• Une piste pavée de bonheur

    Cancellara Roubaix

    Au terme d’une arrivée irréelle dans le cyclisme moderne, Fabian Cancellara a remporté le  troisième Paris-Roubaix de sa carrière. Surpuissant, le Suisse a fait valoir son statut de favori et prouvé en solitaire qu’il était, cette année, le plus fort dans les Classiques du Nord.

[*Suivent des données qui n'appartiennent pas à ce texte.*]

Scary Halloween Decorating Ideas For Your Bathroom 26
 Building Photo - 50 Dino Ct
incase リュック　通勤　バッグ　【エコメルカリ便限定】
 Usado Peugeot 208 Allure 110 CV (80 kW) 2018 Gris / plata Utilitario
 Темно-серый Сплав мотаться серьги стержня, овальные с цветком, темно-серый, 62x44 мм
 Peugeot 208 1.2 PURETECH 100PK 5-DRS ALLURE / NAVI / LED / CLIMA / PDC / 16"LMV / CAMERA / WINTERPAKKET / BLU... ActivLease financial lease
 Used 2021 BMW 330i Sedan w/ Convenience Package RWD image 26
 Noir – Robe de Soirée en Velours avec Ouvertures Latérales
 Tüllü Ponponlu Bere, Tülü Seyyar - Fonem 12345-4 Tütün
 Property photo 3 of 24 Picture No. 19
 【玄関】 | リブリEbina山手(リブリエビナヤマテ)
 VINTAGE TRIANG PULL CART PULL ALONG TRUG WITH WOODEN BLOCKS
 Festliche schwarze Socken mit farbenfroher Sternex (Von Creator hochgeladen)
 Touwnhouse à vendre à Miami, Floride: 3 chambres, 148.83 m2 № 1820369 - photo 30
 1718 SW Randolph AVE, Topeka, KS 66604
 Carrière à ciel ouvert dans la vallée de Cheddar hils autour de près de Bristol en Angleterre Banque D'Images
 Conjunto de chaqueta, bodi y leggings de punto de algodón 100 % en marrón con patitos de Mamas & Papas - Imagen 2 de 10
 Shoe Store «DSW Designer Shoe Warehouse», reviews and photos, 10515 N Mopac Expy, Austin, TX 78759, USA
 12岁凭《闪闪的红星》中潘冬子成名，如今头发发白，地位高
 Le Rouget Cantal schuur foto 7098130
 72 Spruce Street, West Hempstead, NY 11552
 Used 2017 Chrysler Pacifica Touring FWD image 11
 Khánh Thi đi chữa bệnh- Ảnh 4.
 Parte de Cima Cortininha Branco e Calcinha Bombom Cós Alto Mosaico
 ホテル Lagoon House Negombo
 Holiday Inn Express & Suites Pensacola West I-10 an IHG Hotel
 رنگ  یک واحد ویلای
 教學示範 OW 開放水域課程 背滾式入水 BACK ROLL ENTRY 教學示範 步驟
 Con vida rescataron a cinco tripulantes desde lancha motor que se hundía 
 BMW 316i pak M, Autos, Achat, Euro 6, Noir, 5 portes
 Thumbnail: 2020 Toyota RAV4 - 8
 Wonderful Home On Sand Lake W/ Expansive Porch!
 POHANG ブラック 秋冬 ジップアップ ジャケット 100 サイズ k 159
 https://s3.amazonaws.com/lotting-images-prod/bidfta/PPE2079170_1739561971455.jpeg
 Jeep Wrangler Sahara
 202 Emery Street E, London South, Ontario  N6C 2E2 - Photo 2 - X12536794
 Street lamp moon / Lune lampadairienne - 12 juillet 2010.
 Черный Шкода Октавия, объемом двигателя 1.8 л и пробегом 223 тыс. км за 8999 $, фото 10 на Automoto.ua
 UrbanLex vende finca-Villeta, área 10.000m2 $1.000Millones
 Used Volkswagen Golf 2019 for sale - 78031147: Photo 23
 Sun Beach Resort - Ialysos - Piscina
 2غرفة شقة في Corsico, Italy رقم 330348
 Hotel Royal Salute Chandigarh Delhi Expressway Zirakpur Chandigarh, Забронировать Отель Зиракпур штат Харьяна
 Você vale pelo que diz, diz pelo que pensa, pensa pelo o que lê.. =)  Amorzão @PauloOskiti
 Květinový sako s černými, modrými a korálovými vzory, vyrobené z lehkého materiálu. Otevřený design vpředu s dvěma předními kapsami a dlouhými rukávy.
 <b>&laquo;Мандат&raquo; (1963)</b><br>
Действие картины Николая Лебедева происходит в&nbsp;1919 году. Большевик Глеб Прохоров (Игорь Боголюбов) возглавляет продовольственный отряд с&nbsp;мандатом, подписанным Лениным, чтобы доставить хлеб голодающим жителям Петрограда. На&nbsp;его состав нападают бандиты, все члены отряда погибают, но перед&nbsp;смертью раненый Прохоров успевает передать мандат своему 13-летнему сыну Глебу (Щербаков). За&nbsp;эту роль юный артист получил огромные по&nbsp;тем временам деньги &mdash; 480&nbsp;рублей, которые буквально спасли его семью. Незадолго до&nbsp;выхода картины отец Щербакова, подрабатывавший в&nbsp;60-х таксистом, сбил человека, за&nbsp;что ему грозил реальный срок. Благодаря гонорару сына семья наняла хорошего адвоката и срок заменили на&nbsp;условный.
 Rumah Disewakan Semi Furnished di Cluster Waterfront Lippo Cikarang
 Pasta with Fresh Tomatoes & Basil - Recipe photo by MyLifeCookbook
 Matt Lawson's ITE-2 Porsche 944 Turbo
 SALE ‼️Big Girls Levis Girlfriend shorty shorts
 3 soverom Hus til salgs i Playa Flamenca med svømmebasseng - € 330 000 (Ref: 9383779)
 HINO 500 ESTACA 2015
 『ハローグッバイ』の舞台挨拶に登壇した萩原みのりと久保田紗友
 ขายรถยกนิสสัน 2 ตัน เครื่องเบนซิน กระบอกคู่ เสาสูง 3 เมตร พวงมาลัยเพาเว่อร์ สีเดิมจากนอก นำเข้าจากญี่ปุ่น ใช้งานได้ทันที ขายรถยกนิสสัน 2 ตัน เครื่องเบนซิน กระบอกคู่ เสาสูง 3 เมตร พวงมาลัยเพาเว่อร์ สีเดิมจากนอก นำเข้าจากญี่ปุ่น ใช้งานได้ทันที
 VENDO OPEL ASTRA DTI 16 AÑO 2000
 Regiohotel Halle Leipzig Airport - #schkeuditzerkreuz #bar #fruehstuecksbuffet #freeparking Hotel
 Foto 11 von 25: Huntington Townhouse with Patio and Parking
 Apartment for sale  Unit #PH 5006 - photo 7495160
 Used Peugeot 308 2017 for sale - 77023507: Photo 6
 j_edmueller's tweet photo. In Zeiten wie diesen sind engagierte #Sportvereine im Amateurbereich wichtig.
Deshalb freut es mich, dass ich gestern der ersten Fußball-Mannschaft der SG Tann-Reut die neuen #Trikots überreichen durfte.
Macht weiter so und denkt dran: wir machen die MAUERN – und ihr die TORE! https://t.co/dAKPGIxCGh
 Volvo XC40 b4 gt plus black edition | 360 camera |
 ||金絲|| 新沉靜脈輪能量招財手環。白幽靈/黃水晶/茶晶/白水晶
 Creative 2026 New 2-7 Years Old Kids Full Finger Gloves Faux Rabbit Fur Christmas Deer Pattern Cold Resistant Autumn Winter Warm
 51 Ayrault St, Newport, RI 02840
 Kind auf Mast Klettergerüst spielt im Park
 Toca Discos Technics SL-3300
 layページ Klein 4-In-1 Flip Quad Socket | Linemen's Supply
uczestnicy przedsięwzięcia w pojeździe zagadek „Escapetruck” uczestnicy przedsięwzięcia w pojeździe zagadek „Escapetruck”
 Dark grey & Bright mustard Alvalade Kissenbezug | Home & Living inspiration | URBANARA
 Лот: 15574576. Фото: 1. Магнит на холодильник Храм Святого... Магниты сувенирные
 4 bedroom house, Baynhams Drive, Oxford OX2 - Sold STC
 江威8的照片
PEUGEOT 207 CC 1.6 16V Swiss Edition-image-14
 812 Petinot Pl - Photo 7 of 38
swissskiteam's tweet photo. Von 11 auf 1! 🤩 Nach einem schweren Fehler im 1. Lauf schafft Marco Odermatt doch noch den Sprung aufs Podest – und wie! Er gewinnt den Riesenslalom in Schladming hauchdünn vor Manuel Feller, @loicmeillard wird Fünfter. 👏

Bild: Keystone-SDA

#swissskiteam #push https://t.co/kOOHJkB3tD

    Et soudain une clameur se fit entendre. Depuis maintenant un peu plus d’un kilomètre, Fabian Cancellara et son partenaire d’échappée Sep Vanmarcke discutaient, se regardaient, s’épiaient en vue de l’arrivée. Une course d’observation qui allait se transformer en course de pistard. Car oui, sous les yeux de spectateurs venus se masser dans les travées du vétuste mais mythique vélodrome de Roubaix, les deux hommes s’arrêtèrent presque sur place pour offrir un duel que seul les suiveurs de la piste connaissent. Un duel au soleil, rappelant les fresques de Sergio Leone. Cancellara devant, Vanmarcke derrière dans la roue, les regards qui se croisent, les trajectoires qui s’échangent. Le coureur de la Blanco est le premier à aller chercher la corde, Le Suisse ne bronche pas et suit le sillage belge. Au ralenti et en zigzagant, les deux gladiateurs franchissent une première fois cette ligne d’arrivée synonyme de dernier tour. Le son de la cloche retenti mais ni l’un, ni l’autre ne réagit. Dans un ballet de pistard, les deux cyclistes se marquent, se fixent, attendant le moment propice pour porter l’ultime estocade. La tension monte et le temps semble presque s’arrêter, suspendu à leurs roues dans la pente de cet anneau de Roubaix. C’est finalement Vanmarcke qui décide de lancer l’explication finale. Cancellara répond. Tel Clint Eastwood, il dégaine, prend la corde puis s’écarte. Vanmarcke ne ripostera pas. Touché, blessé, vaincu par un « Spartacus » insaisissable. La conclusion d’une course que le Suisse aura écrasée de sa classe et de sa puissance.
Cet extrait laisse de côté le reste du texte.